There’s nothing more terrifying than a clock. For we mortals, the mere passage of time is a memento mori like no other. Yet, in the end, we may hope that the lifting of the veil of this world reveals something vastly more beautiful.
The heartache which time causes in the parents of small children is that, with each passing year, some small innocence passes away too. There is always consolation in the growing capabilities of the child, and their enthusiasm for greater responsibilities and new adventures in life, or for learning new skills. Yet innocence is the one thing that cannot be learned, only lost. Nor can it ever be recovered.
The other day, I was visiting a beautiful garden with the older children. The lady at the ticket desk kindly asked if the kids would like a kids’ map, so they could follow the fairy trail, and find all the fairy doors. I gave them an enquiring look, but my daughter frowned and said, rather sharply, “no dad, that’s only for little kids!” I understood, of course; but my heart also sank at the knowledge that our walk around the garden would be less magical than before, when every rustling leaf would send their hearts soaring with mysterious possibilities.
I often advise my kids not to try to grow up too fast, but to enjoy just being kids. Perhaps living in the countryside can help kids to stay innocent for longer. City kids tend to be more streetwise. They sometimes pick up knowledge beyond their years, or an air of cynicism, much earlier in life. When I ask other parents in our rural area why they chose to raise their kids in the countryside, they regularly say things like, “they’ll stay children for longer here”.
That may well be true, although there are downsides to country life too. The older kids would love to be able to go out their door and just hang out with friends, but distance makes that impossible out in the sticks.
The idea that we parents are protecting innocence is an illusion, we are merely providing palliative care for it. Our purpose is to give innocence a comfortable and timely death. Indeed, an essential part of preparing children for life is helping them to understand its dangers, which involves depriving them of innocence. Sadly, kids need to be told about stranger danger, and the dangers of getting flattened by a car, but these things can be done in ways that are age-appropriate.
To alleviate their curiosity, we have explained to the older kids that one reason we lock the doors at night is because of the relatively rare possibility of burglars. For now, however, we can let them think of burglars as the silly characters seen in the Home Alone movies. We can still inculcate a generally positive view of humanity and life. Yet, in the end, they will come to know of the evil in the world, and that there are baddies who are far from cartoonish.
As the clock ticks inexorably down on innocence, the only defence left is the beautiful memories we can create, of happiness, nature and love during their time of innocence. Memories survive time’s ravages, living on, ever fragile – a fragment of time caught in the mind of the one who remembers.

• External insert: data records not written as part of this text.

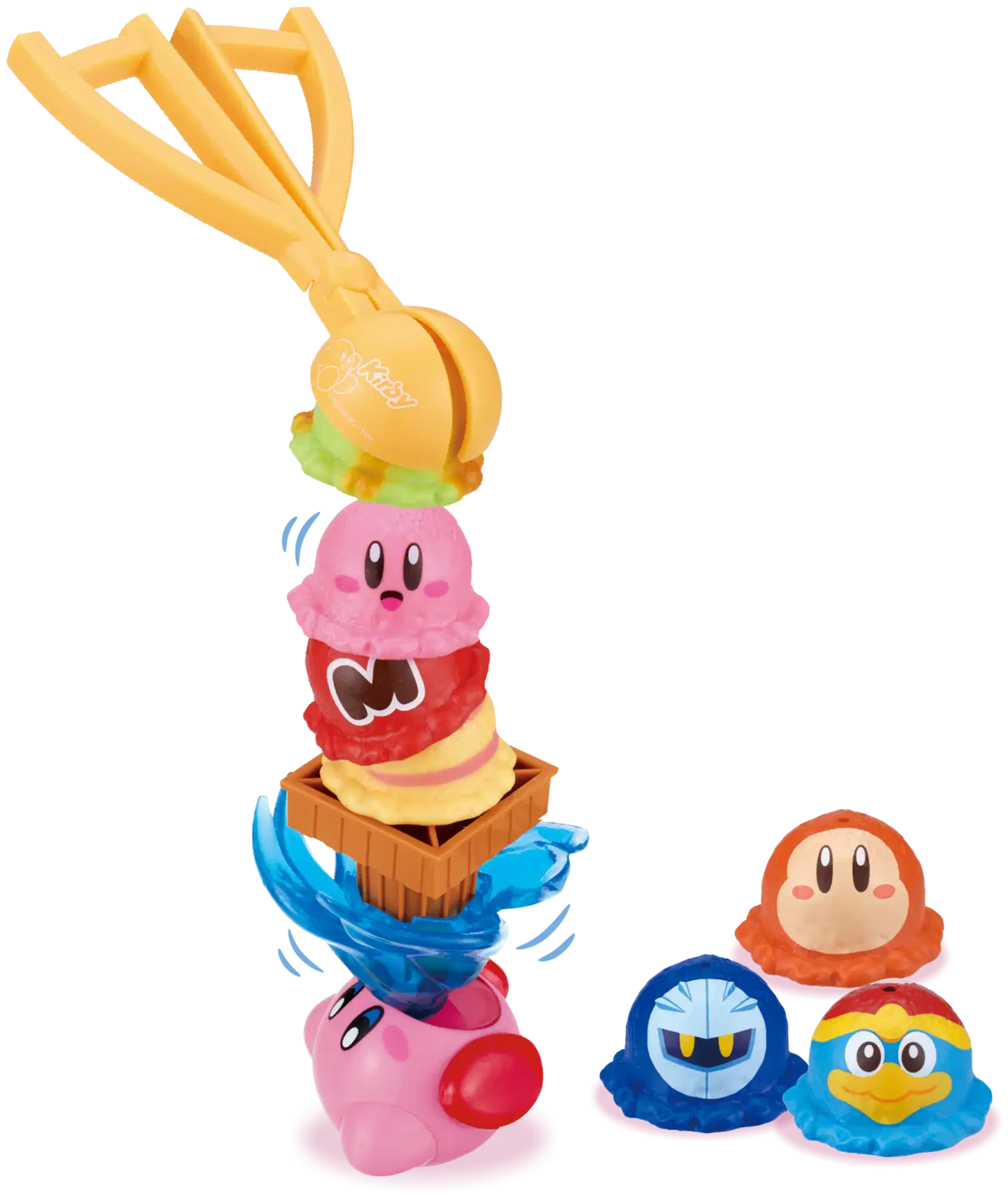 Kirby Jäätelötorni -peli - 2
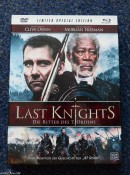 [Fotos] Last Knights – Die Ritter des 7. Ordens (Limited Special Edition im Mediabook)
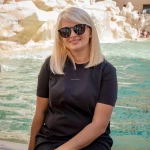 pomoce domowe - zdjęcie profilowe użytkownika Svitlana P.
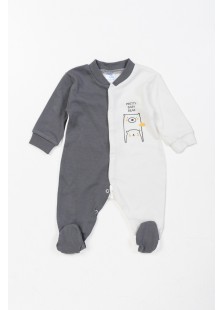 Interlock PRETTY BABY 35831 Baby-Jungen-Overall für Jungen Interlock PRETTY BABY 35831
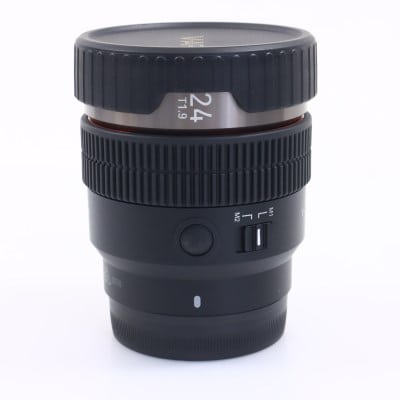V-AF 24mm T1.9 ソニーEマウント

When I look through the photographs of the children’s childhoods, I can feel some satisfaction that we have accomplished something important as parents. Even as their memories fade, there is a lasting visual legacy. High definition proof of their happy innocence, and all the fun and joy of a childhood spent suffused in the love of friends and family. Let that love stay with them, and keep them strong, so they may go happily out into a world that grows stranger by the day.